I never thought I would ever say this but...
I miss Minneapolis.
Not that my home life is terrible. I have awesome parents. I have great friends. But I haven't been able to do evangelism like I used to, and to make matters worse, I can't just come and go as I please. I have to jump through hoops to get anywhere, and really it seems that the farthest I can walk away from the house is to the store to get an Icee.
Also, I've been slacking on my time with God and I've let my flesh take over more. I'm angry, depressed, and just downright frustrated with life right now. It's all too easy to see what I do not have (I know about those whose lives have been affected by tornados; please do not guilt trip me with this one. I have been praying for these people too).

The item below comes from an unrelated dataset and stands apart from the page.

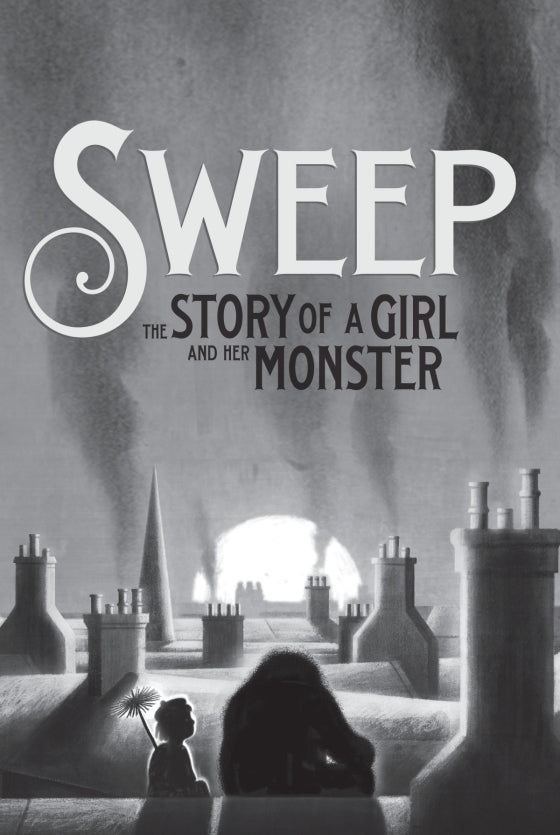 Sweep: the Story of a Girl and her Monster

And the gluten free diet? I hate it. I hate it more than anything. Seems like not matter how hard I try, I still manage to (oops, too late!)ingest gluten and get myself sick. I hate having to jump through hoops just to find something safe to eat because I can't just eat what I used to. I have to check every label, every ingredient. It's frustrating beyond all reason. Plus, the special food Mom and Dad have to buy me are also pretty expensive. That only makes me hate it more.

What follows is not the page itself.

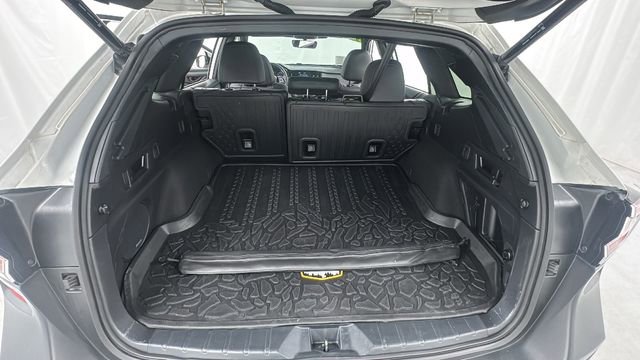 Certified 2025 Subaru Outback Wilderness image 17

However, on a brighter (MUCH brighter) note, my brother is getting married this fall to his sweetheart, Sydney. Our family got to meet her and her mom over the weekend in Shreveport, and we hit it off right away. They're the sweetest people I've ever met. Sydney was just made for Stephen, I can tell; and I will FINALLY have a sister! :)
Well, that's my speil for today. Sorry for all the negativity; I have no excuse. If anything, I'll probably reread this when I'm in a better mood and be all like, "WHAT?? WHY DID I WRITE THAT?"